My border collie Tesla loves a good run and is a great campsite companion. He has travelled with me all around the place – even across Australia, both East to West and North to South! He’s intelligent, adventurous and always up for a challenge. He also runs while I ride. (Not all the time as Australia doesn’t allow dogs in many places but I generally choose my adventures with this in mind).
Lately I have been riding a lot more than I have ever before and Tesla is struggling to keep up with some back-to-back days of running up to 40km a day. He’s fast too, he loves to race but he’s no match for my 27.5 tyres (I had the 26ers on my old bike) when I’m rolling down hills. As he gets older – his recovery time is longer (just like mine ha!) so I started looking up solutions so I can keep up speed, make further distances but not have to leave the pooch behind.
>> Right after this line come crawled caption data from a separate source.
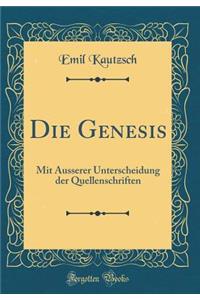 Die Genesis: Mit Äusserer Unterscheidung der Quellenschriften (Classic Reprint)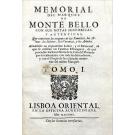 VASCONCELLOS, Felix Machado de Castro e. - MEMORIAL DEL MARQUES DE MONTE BELLO con dus notas historicas, y autenticas que contienen los origenes de las famílias, las Armas, los Solares, las Varonias, y los Arboles. Tomo I. 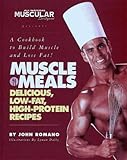 Muscle Meals: Delicious, low-fat, high-protein recipes [A Cookbook to Build Muscle and Lose Fat!]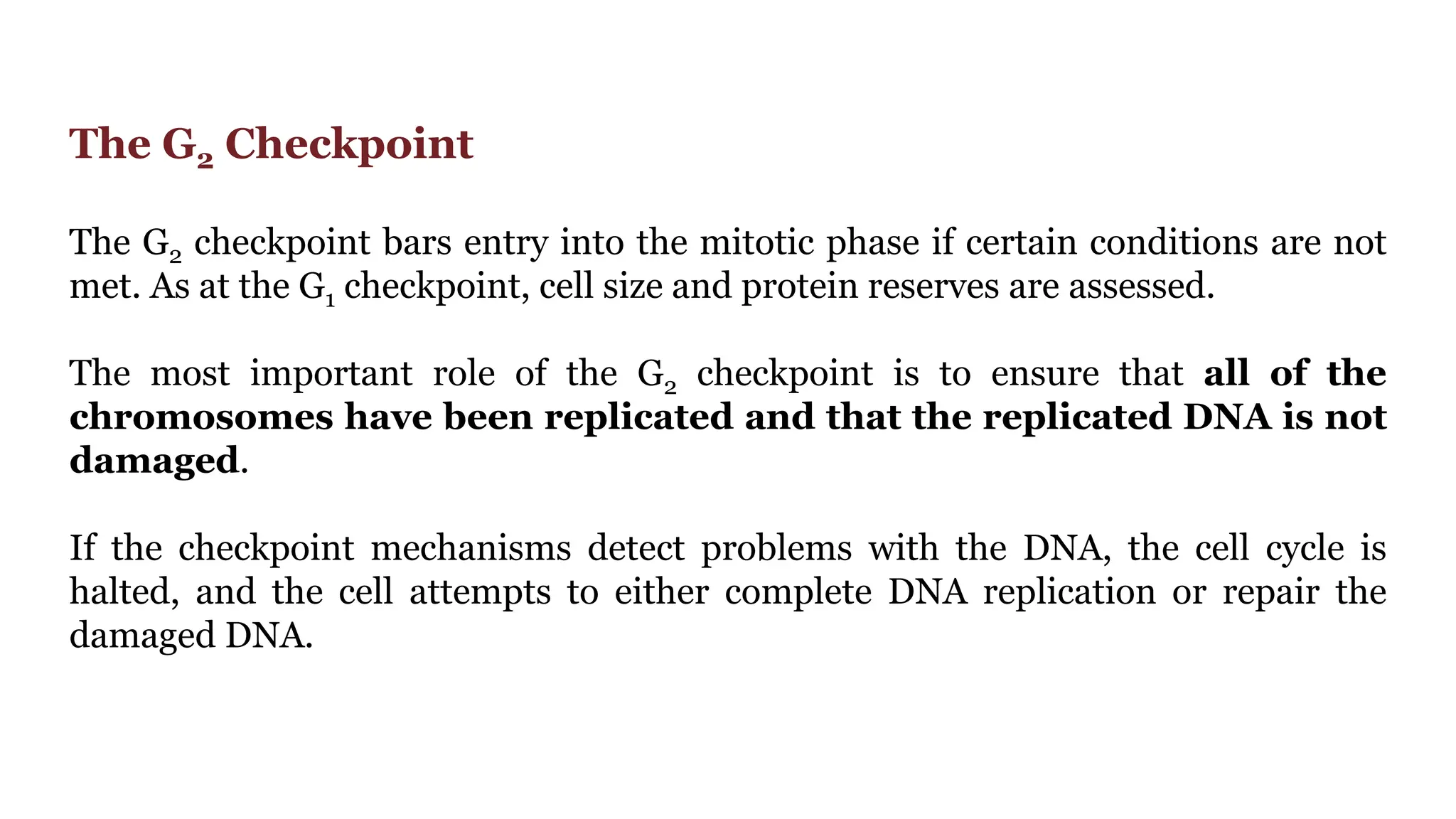 The G2 Checkpoint
The G2 checkpoint bars entry into the mitotic phase if certain conditions are not
met. As at the G1 checkpoint, cell size and protein reserves are assessed.
The most important role of the G2 checkpoint is to ensure that all of the
chromosomes have been replicated and that the replicated DNA is not
damaged.
If the checkpoint mechanisms detect problems with the DNA, the cell cycle is
halted, and the cell attempts to either complete DNA replication or repair the
damaged DNA.
 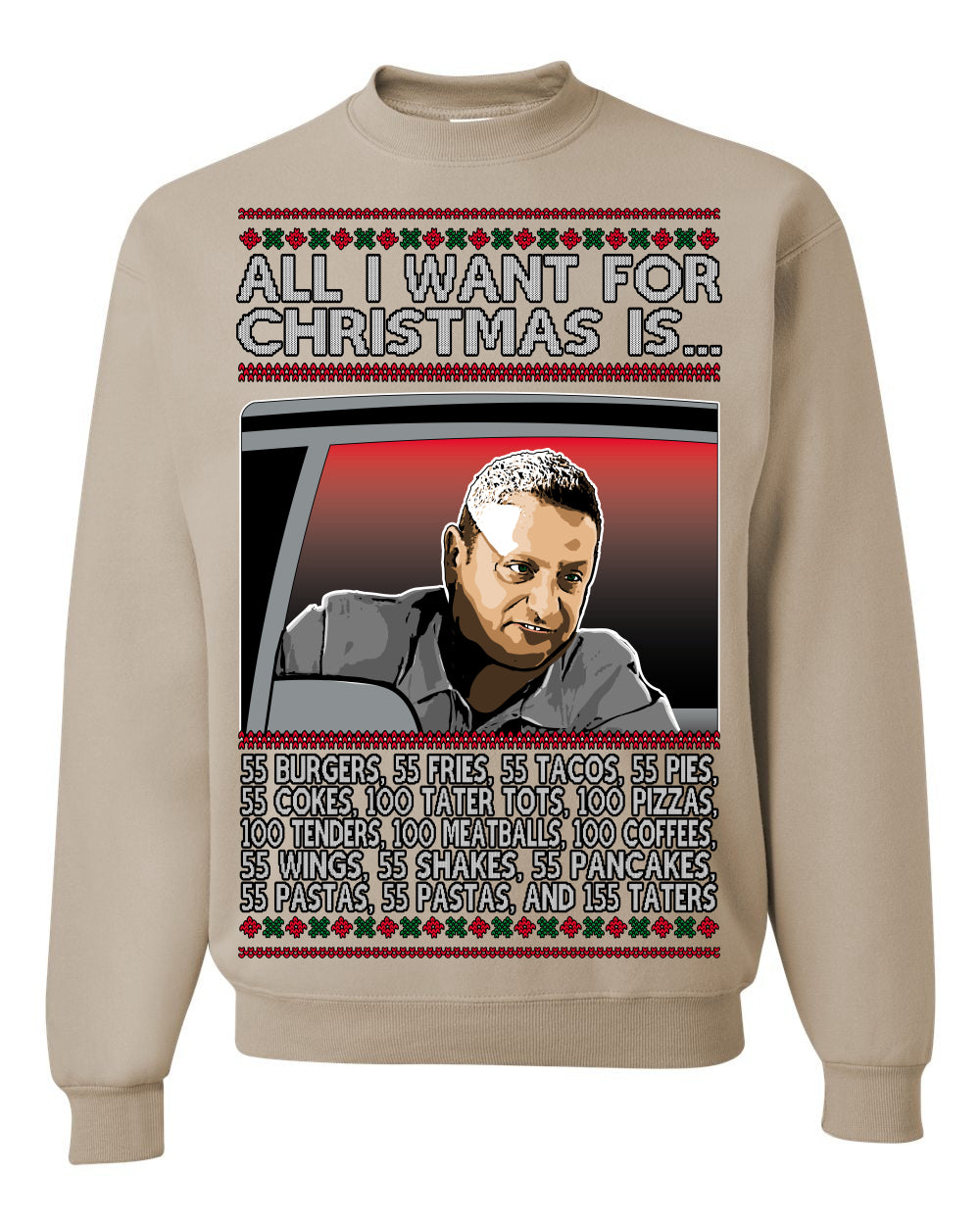 All I Want for Christmas Is 55 Burgers 55 Fries 55 Tacos 55 Pies, Funny Viral I Think Tim TV Show Gen Z Alpha Brainrot Meme Ugly Christmas Sweater Ugly Christmas Unisex Crewneck Sweatshirt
Introducing the Bob Ibex trailer.
The Bob Ibex trailer is a single wheel (with suspension!) trailer that is designed for carrying up to 35kg and can be ridden on singletrack due to it’s sleek design. Lucky for Tesla – he is 20kg and fits in the dimensions of this trailer.
I rented a Bob Ibex trailer for 2 days to put it to the test and also to see if I could coax Tesla to sit in one. After a few hiccups and lots of negotiation (treats) – Tesla sat in the trailer comfortably with a couple towels on the bottom. We rode about 40km on footpath around the Swan River on Day 1 and then half of the Mundaring Heritage Rail Trail which is all gravel on Day 2.
It was surprisingly light and the rides were easy on the flat. Downhill required a bit more braking that usual and uphill was hard (yeah pulling 20kg will do that) but I just let him get out and run for those bits. The trailer empty did not feel like anything at all. It didn’t seem to make a difference whether I was on gravel, grass, pavement or in the bush – the trailer performed well.
I could see Tesla wanted to run more than I allowed him too but he did not appear to be uncomfortable. I would feel every movement he made though so my arms got more t
ired than normal. My bike was harder to manage when he stood up but was easy when he sat. He was still tired after the rides too and I believe he still couldn’t relax in the trailer because he felt like he had to keep his balance (I could see his muscles tensing around corners to grip on) but he wasn’t sore like he has been when running.
We also got a lot of attention. Lots of waves, beeps, kids calling out. It was fun.
Fitting to bike
The Bob Ibex requires the rear axle to be a certain size to fit. Fortunately for my bike – the Surly ECR has a separate hole on the frame to allow the fitting of a trailer without having to mess around with the axle (which is the wrong size anyway). Bob Trailers have a component called Bob Bits that allows for the trailers to fit the Surlys. I didn’t have access to a Bob Bits part so I went to my local Auto store and bought two 10mm bolts with a 1mm pitch and nuts and washers to match. Then I cut some bits of retic hose (what was closest to me at the time) and put the bolt through the retic hose and then into the nut (to keep it locked onto the frame), washer and then to the bike frame. The retic hose was to avoid metal on metal contact between the trailer and the bolt (you could probably also wrap the bolts in heaps of electrical tape). I drilled a small hole in each retic hose at the bottom to allow the trailer hook to fit through.
Will I buy a Bob Ibex
Hell yeah! But Bob Trailers don’t keep stock in Australia. Buying a $500USD trailer and getting it sent to Perth may be an expensive process so I’m keeping an eye out for one second hand (that fits 27.5/29inch tyres) or I will pick one up on my travels and bring it back myself. Tesla will just have to run for now and I’ll keep renting them for longer trips.